# Information shown
>>>>>
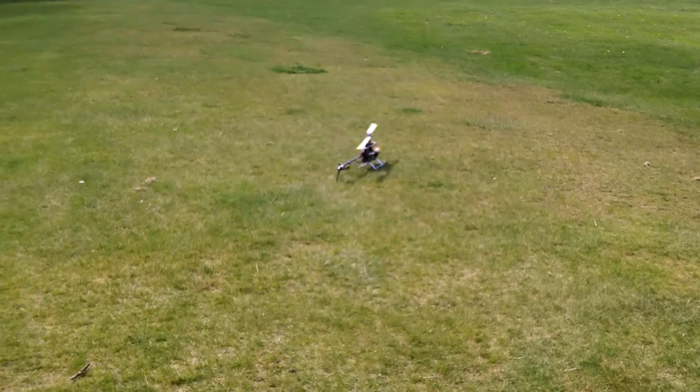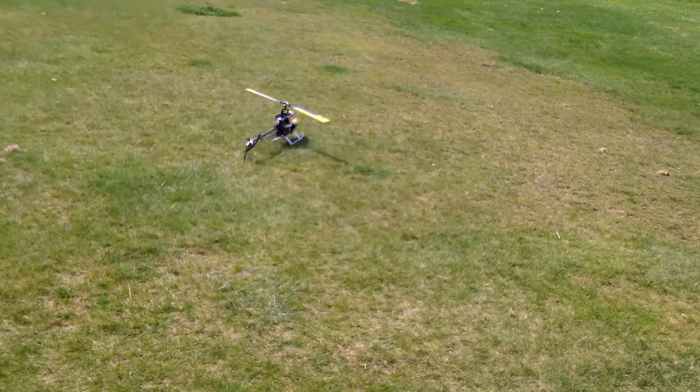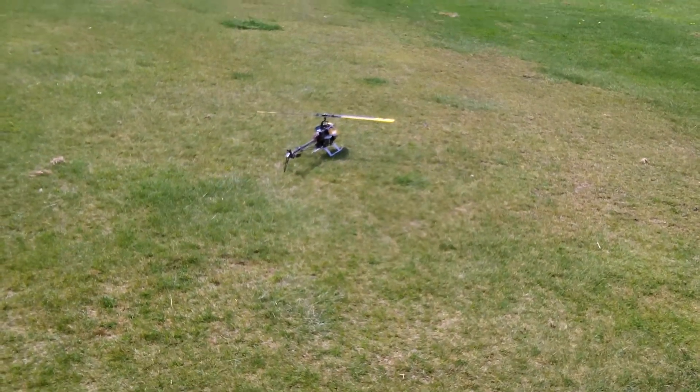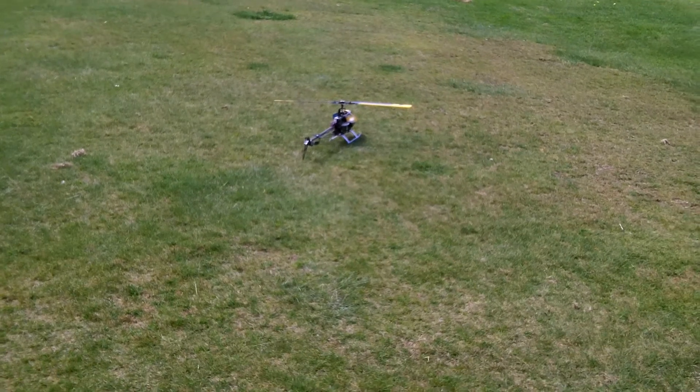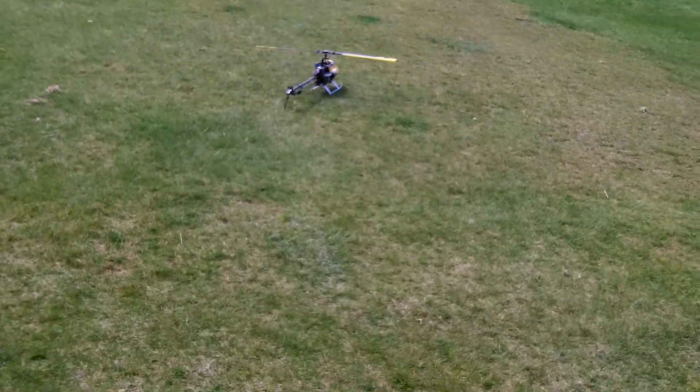Yeah, it's just your blade tracking that's making that noise. So 65 is actually perfect then, isn't it? Yeah. It was 70 before. But mind you, it was okay before.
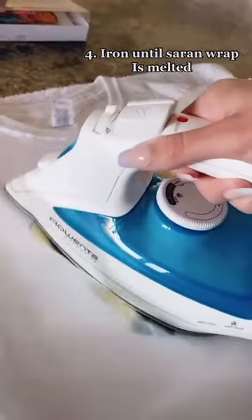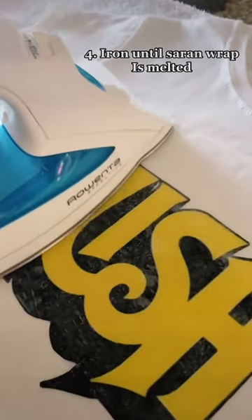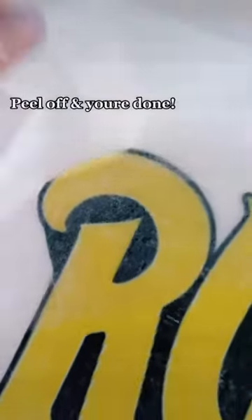Iron until the saran wrap is melted. Make sure it's melted. Peel off, and you're done.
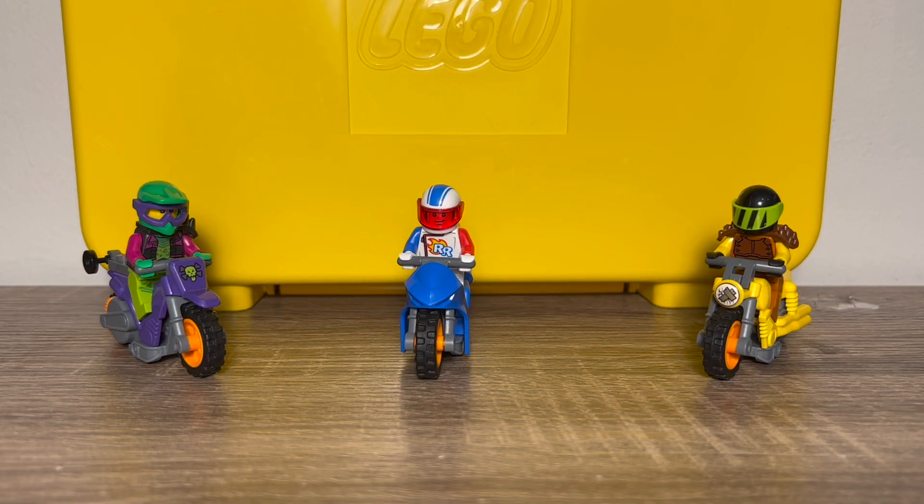Hello, Redbook Productions here with another LEGO review. Today I have the LEGO City Stunts Gift Set. The set number is 66707, it has 40 pieces, and it's a 3-in-1. It comes with three stunt bikes and a LEGO travel case.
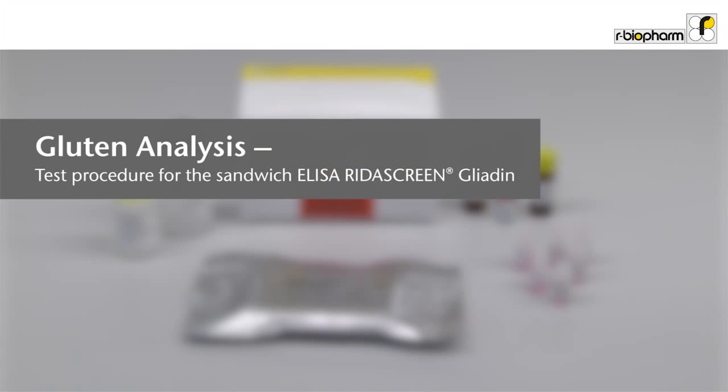Gluten Analysis Test procedure for the sandwich ELISA RIDAS Green Gliadin. RIDAS Green Gliadin in combination with the cocktail extraction patent is the most used method for gluten analysis worldwide. It has been validated in two international collaborative studies and is now an official AOAC-OMA and AACCI method.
<<<<<
# Aim of the exercise
Your copy must start at the line that holds "Iron until the" and end at the last line of the data, both included; it must contain no pictures.

# Result for this task
Iron until the saran wrap is melted. Make sure it's melted. Peel off, and you're done.
Hello, Redbook Productions here with another LEGO review. Today I have the LEGO City Stunts Gift Set. The set number is 66707, it has 40 pieces, and it's a 3-in-1. It comes with three stunt bikes and a LEGO travel case.
Gluten Analysis Test procedure for the sandwich ELISA RIDAS Green Gliadin. RIDAS Green Gliadin in combination with the cocktail extraction patent is the most used method for gluten analysis worldwide. It has been validated in two international collaborative studies and is now an official AOAC-OMA and AACCI method.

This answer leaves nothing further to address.